1. benim için en güzel kısmı 45 dakikalık çalışmanın ardından girilen 15 dakikalık bilinçli uyku halidir.

    ben kim, sen kim, neredeyiz, yanımda uzanan annem mi, bugün günlerden ne, hangi senedeyiz...
  2. planlı-programlı şekilde icra edildiğinde belli bir zümreye ait olmayan, hatta vücut geliştirme ve benzeri aktivitelere hitap eden kesimden çok daha geniş bir kesime hitap edebilecek spor(!) dalı.
  3. yoga (sanskrit, hindistan kaynaklı fiziksel ve zihinsel disiplinleri tarif etmek için kullanılan bir kelimedir. aynı zamanda hinduizm, budizm ve jainizm'de çeşitli meditatif uygulamalara da yoga adı verilmektedir. hinduizm'de, altı geleneksel felsefe okulundan (āstika) biri olarak kabul edilir.

    sanskrit dilinde yoga kelimesi pek çok anlama sahiptir; "kontrol etmek", "boyunduruk altına almak" veya "birleştirmek" anlamına gelen sanskrit "yuj" kelimesinden türemiştir. "kavuşma", "bir araya gelme", "birlik", "karşılaşma" ve "yöntem" olarak çevrilebilir.

    yoga, evrenin olumsuzluklarından etkilenmeden yaşayarak, her an aklın sakinliği ve huzuru içinde olabilmektir. yoga bir din değildir veya bir dogma anlamına gelmez.

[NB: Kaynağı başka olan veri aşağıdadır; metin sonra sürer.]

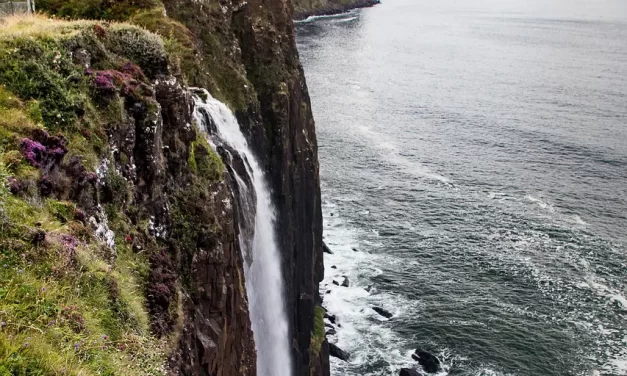 🌸 Prayer: Becoming One with God Through Cleansing the Mind | Master Woo Myung | Santa Clara Meditation
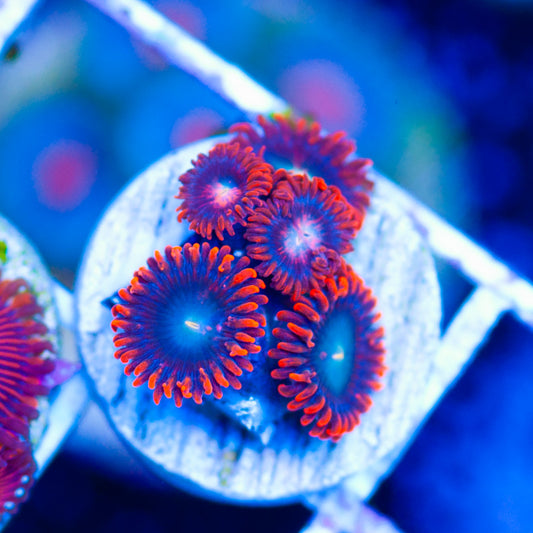 Fire and Ice Zoanthids #2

    yoga bilminin kurucusu olan patanjali aydınlanma için 8 basamaklı bir yol önermiştir:

    yama (beş "geri çekilme"): zarar vermeme, doğruluk, çalmama, tensel zevkleri kontrol etme, istifçilik yapmama
    niyama (beş "gözlem"): arı olma, halinden memnun olma, ateşli istek, okuma, hatırlama
    asana: kelime anlamı "oturma yeri", patanjali'nin yoga sutra'larında meditasyonda kullanılan oturma duruşunu ifade etmektedir.
    pranayama ("nefesi askıya alma"): prāna, nefes, "āyāma", durdurmak demektir. ayrıca, yaşam gücünün kontrolü olarak da yorumlanabilir.
    pratyahara ("tecrit"): dış nesnelerden duyu organlarını geri çekmedir.
    dharana ("konsantrasyon"): dikkati tek bir nesne üzerine odaklamadır.
    dhyana ("meditasyon"): meditasyon nesnesinin doğası üzerine yoğun tefekkürdür.
    samādhi ("özgürleşme"): meditasyon nesnesi ile şuurun birleşmesidir.
  4. ilk fırsatta eğitimini alıp kendimi geliştirmek istediğim konu

    edit : hedeflerimi gerceklestirmek adına 09/08/2016 da olimpos'ta egitmenlik sertifikasını almaya giderek yeni bir ben'e ilk adım . (bkz: dönüşüm muhteşem olacak)
  5. sanskrit, hindistan kökenli fiziksel ve zihinsel disiplinler için kullanılan bir kelime. sanskrit dilindeki kontrol etmek kelimesinden türemiştir.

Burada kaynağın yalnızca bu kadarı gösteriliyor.